Near-locality of exchange and correlation density functionals for 1- and 2-electron systems

TL;DR

This paper introduces LSDA0, a new local spin density approximation that models exchange-correlation energies of 1- and 2-electron systems well, emphasizing near-locality and satisfying exact constraints.

Contribution

The paper presents LSDA0, a novel LSDA that accurately models exchange-correlation energies for simple systems and explores the concept of orbital locality.

Findings

LSDA0 models hydrogen and 1-2 electron systems effectively.

LSDA0 agrees well with exact results for finite, curved two-electron densities.

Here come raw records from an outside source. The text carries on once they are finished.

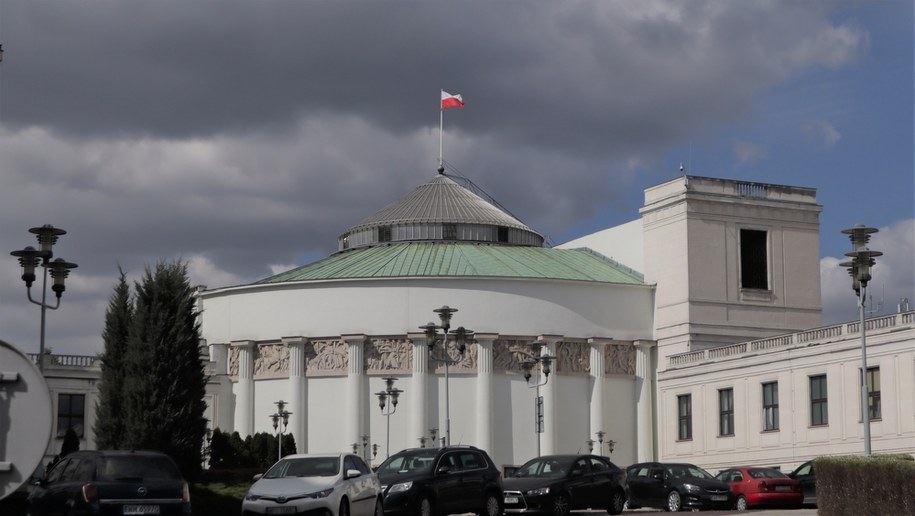 /Paweł Balinowski /RMF FM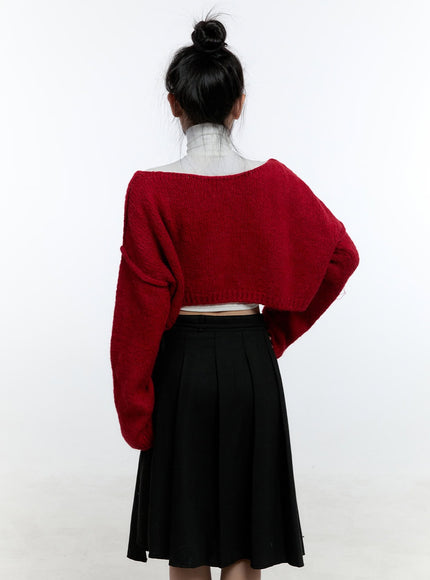 boat-neck-wool-blend-sweater-cd424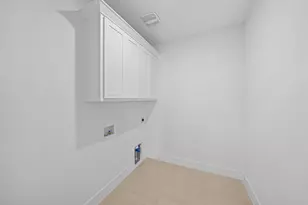 7404 Lilypad Ln, McKinney, TX 75071 - Photo 6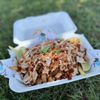 Earth Aloha Eats gift card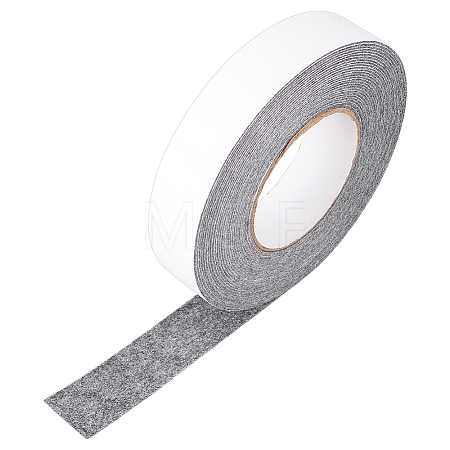 10M Felt Self Adhesive Seal Strip AJEW-WH0609-895B-02-1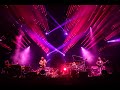 Capture de la vidéo Phish - 8/17/2024 Mondegreen - Oblivion → Down With Disease (4K Hdr)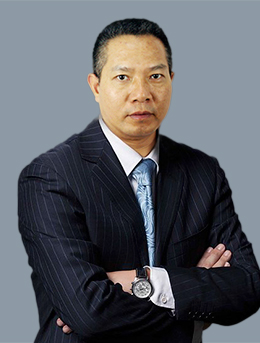 仲恺高新区律师-吴兴桂律师 仲恺高新区律师-吴兴桂律师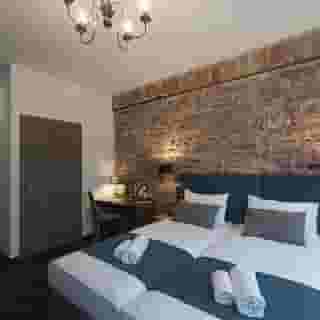 Liberum Residence, 2 of 6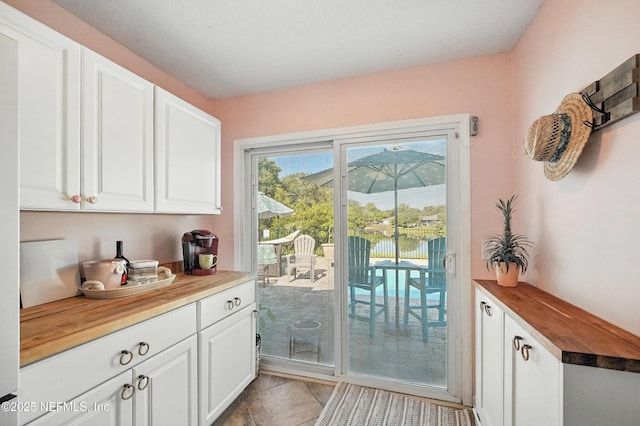 3116 Roundham Ln, Jacksonville, FL 32225 - photo 10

Orbital locality can be quantified by the ratio of exchange energy to its lower bound.

Abstract

The uniform electron gas and the hydrogen atom play fundamental roles in condensed matter physics and quantum chemistry. The former has an infinite number of electrons uniformly distributed over the neutralizing positively-charged background, and the latter only one electron bound to the proton. The uniform electron gas was used to derive the local spin density approximation (LSDA) to the exchange-correlation functional that undergirds the development of the Kohn-Sham density functional theory. We show here that the ground-state exchange-correlation energies of the hydrogen atom and many other 1- and 2-electron systems are modeled surprisingly well by a different local spin density approximation (LSDA0). Our LSDA0 is constructed to satisfy exact constraints, but agrees surprisingly well with the exact results for a uniform two-electron density in a finite, curved three-dimensional space. We also apply LSDA0 to excited or noded 1-electron densities. Furthermore, we show that the locality of an orbital can be measured by the ratio between the exact exchange energy and its optimal lower bound.